Prospectus profit forecasts (PPF) constitute one of the most important discretionary disclosure items in an IPO. I examine such disclosures in the Hong Kong market, where both IPO activity and PPF disclosure rates are at high levels. The median forecast typically ‘underestimates’ future earnings by around 6%. More importantly, PPF disclosure exhibits a strong inverse association with pre-listing owners' retained equity levels (Hughes, 1986; and Li and McConomy, 2004). PPF disclosure is thus more likely in IPOs raising more capital and generating larger floats. I also demonstrate a strong link between PPF disclosure and post-IPO earnings drift.Ensuing forecast errors also bear strong connection with IPO coordinators' initial price determinations as well as with subsequent investor returns. This area usefully extends the related literature (Cheng and Firth, 2000; Chen, Firth and Krishnan, 2001; Jog and McConomy, 2003; Chong and Ho, 2007; and Gounopoulos, 2011), which stresses an association between forecast errors and initial investor returns but ignores the preceding price ‘determination’ process.
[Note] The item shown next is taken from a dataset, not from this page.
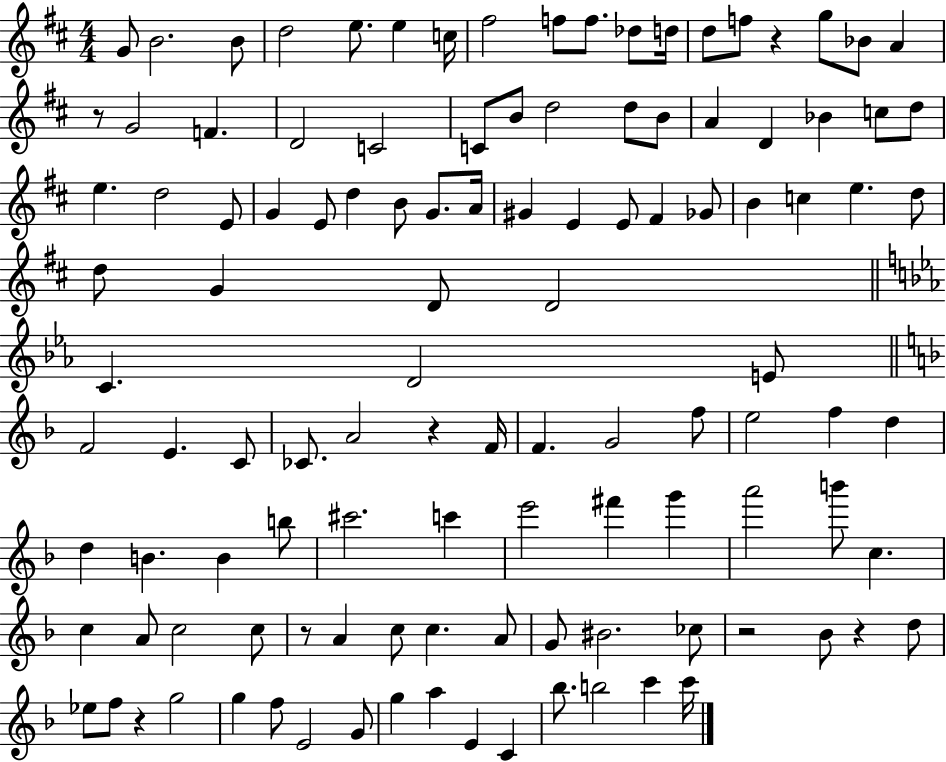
G4/e B4/h. B4/e D5/h E5/e. E5/q C5/s F#5/h F5/e F5/e. Db5/e D5/s D5/e F5/e R/q G5/e Bb4/e A4/q R/e G4/h F4/q. D4/h C4/h C4/e B4/e D5/h D5/e B4/e A4/q D4/q Bb4/q C5/e D5/e E5/q. D5/h E4/e G4/q E4/e D5/q B4/e G4/e. A4/s G#4/q E4/q E4/e F#4/q Gb4/e B4/q C5/q E5/q. D5/e D5/e G4/q D4/e D4/h C4/q. D4/h E4/e F4/h E4/q. C4/e CES4/e. A4/h R/q F4/s F4/q. G4/h F5/e E5/h F5/q D5/q D5/q B4/q. B4/q B5/e C#6/h. C6/q E6/h F#6/q G6/q A6/h B6/e C5/q. C5/q A4/e C5/h C5/e R/e A4/q C5/e C5/q. A4/e G4/e BIS4/h. CES5/e R/h Bb4/e R/q D5/e Eb5/e F5/e R/q G5/h G5/q F5/e E4/h G4/e G5/q A5/q E4/q C4/q Bb5/e. B5/h C6/q C6/s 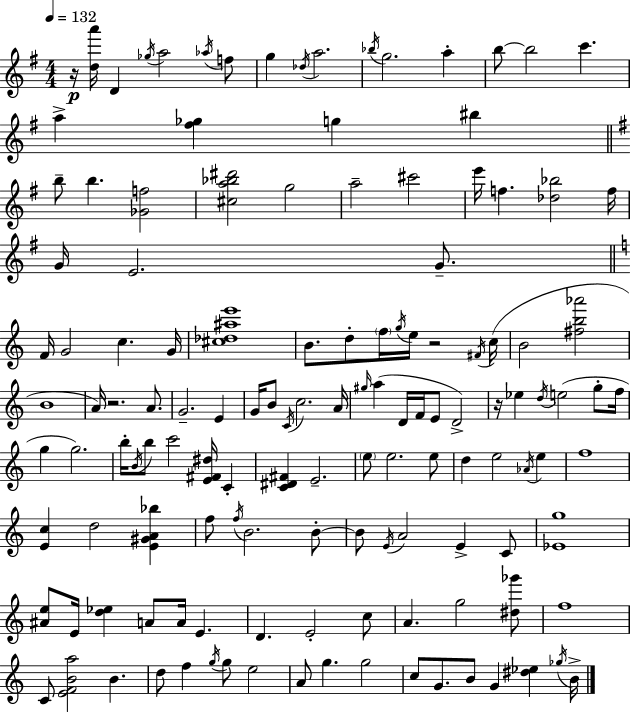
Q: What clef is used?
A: treble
It also suggests that forecast errors serve as a valuable ex-post proxy for the amount of ex-ante uncertainty surrounding issuer value (Beatty and Ritter, 1986; Falconieri, Murphy and Weaver, 2009). This study also demonstrates a connection between final offer price ‘determinations’ and the information content and “superiority” of PPFs (Brown, Richardson and Schwager, 1987). Finally, and in contrast to final offer price ‘determinations’, initial investor returns strongly anticipate post-IPO earnings drift.